When I got up on Wednesday I looked out my living room window on the way to the bathroom and perused the aftermath of the storm of the night before. It was white and silent at 5:15 but the street didn’t look like it was too snowy for traffic. I was glad though that I didn’t have to take my bike anyplace on it that day. Later, after the sun had been up for a while and it started to melt, I was even gladder that I wouldn’t be slapping around in that cold sploshy mess. I would have the whole day inside to write and read and to occasionally look out the window and appreciate the fact that I was not where I was looking. I wouldn’t have to bundle up like everyone I was looking down upon from the second floor.
At
around 10:30 there was a knock on my door. It was Sundar come to collect the
rent. Suddenly I realized that I would have to bundle up and go out after all,
because I’d forgotten to take the rent money out of the bank. I got a few
things done first and then headed out.
I
was standing with my bike at the corner, waiting for the light. There was a
little mound of snow as there often is, pushed up to the corner by passing
snowplows, slightly blocking the way for crossers, but fairly easy for able
bodied people to step through. An elderly woman came down the street with a
cane. She stopped because she was obviously intending to cross, but when she
looked at the snowy obstacle she exclaimed, “Oh my goodness!” I asked her if
she would like a hand getting across. She answered, “I would be so grateful!”
So with my bike between her and myself, I held out my arm and she took my hand.
Once we were over the blockage, I continued to hold her hand as we walked
across the cleared street. It was awkward to push my bike and to support her at
the same time, but I managed. The other side had the same kind of little snow
bank and that was why I kept holding her hand. I helped her over that and she
said, “Thank you so much sweetheart!” before I got onto my bike.
I
rode down Cowan, past the food bank, where I saw the Second Harvest truck
unloading, and then turned left on King to go to the money bank. Another thing
that I’d forgotten was to pay for my phone service for March, and so I took
some extra money out and went to Wind Mobile before going home. I walked my
bike home from there. I saw the woman I call “the shouting bag lady” but she
was neither shouting nor pushing her tower of possessions in her usual shopping
cart. She was just quietly going down the street with her walker and stopping
to rest from time to time. I had been thinking about her during the cold spell
and was glad now to see that she hadn’t died. On my block, the sidewalk had
been narrowed by the snow and so where I could normally get past slow walking people,
I had to just slow down until I got to my door.
I
spent most of the rest of the day writing.
I
moved some music files to my external hard drive and ended up making the same
mistake with my music folder as I did with the video folder a few days before.
I had moved a King Crimson concert into the G-drive and then tried to delete
the file from my C-drive. There was a message telling me that the folder had
names too big for the recycle bin and so did I just want to delete the folder.
I clicked “ok” and my Music folder was gone.

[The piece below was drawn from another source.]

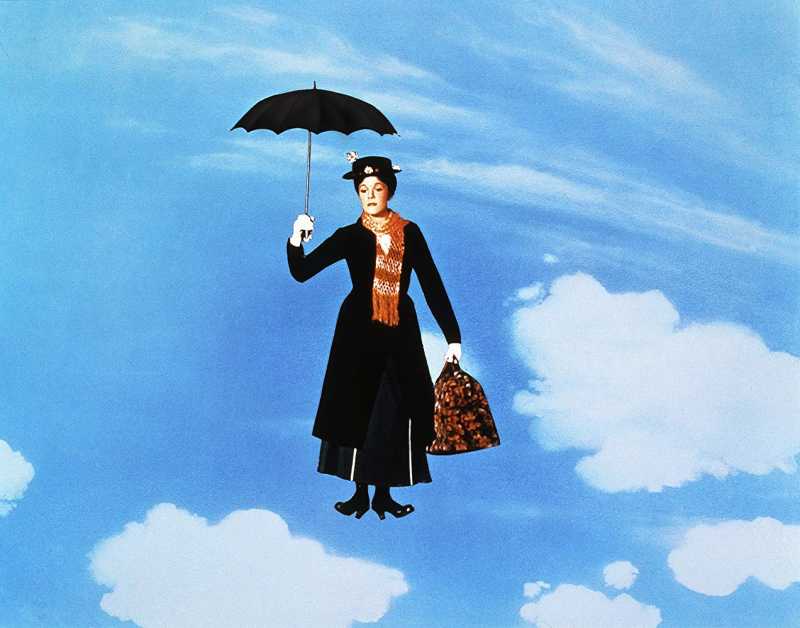 <i>Throwback Movie</i>: 10 Fakta Seru tentang Film ‘Mary Poppins’ (1964) <i>Throwback Movie</i>: 10 Fakta Seru tentang Film ‘Mary Poppins’ (1964)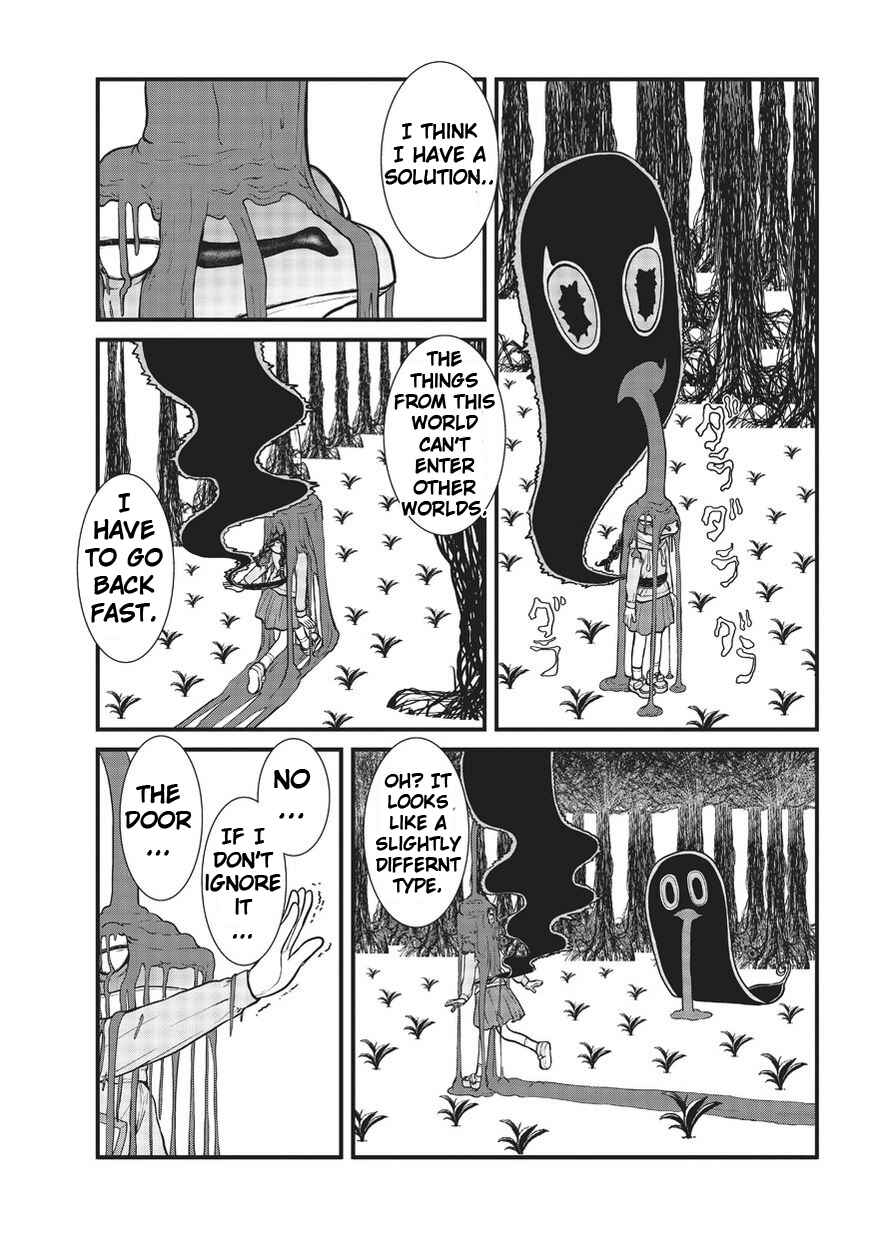 Yume Nikki Chapter 2 - Page 5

Even though I had highlighted the
folder in my C-drive, the one in my G-drive was also apparently highlighted and
so that’s the one that was deleted. I’m fairly sure that nothing important was
in the folder because I think I’d just moved stuff into it from the G-drive,
and that would be stuff that I still have on my C-drive, I think.
That
night I watched the first half hour of the film adaptation of Stephen King’s
“The Mangler”. They’d changed it a bit and compressed the events. Plus they
added this demoniacal disabled laundry owner who seems to have something to do
with the demonically possessed folding machine.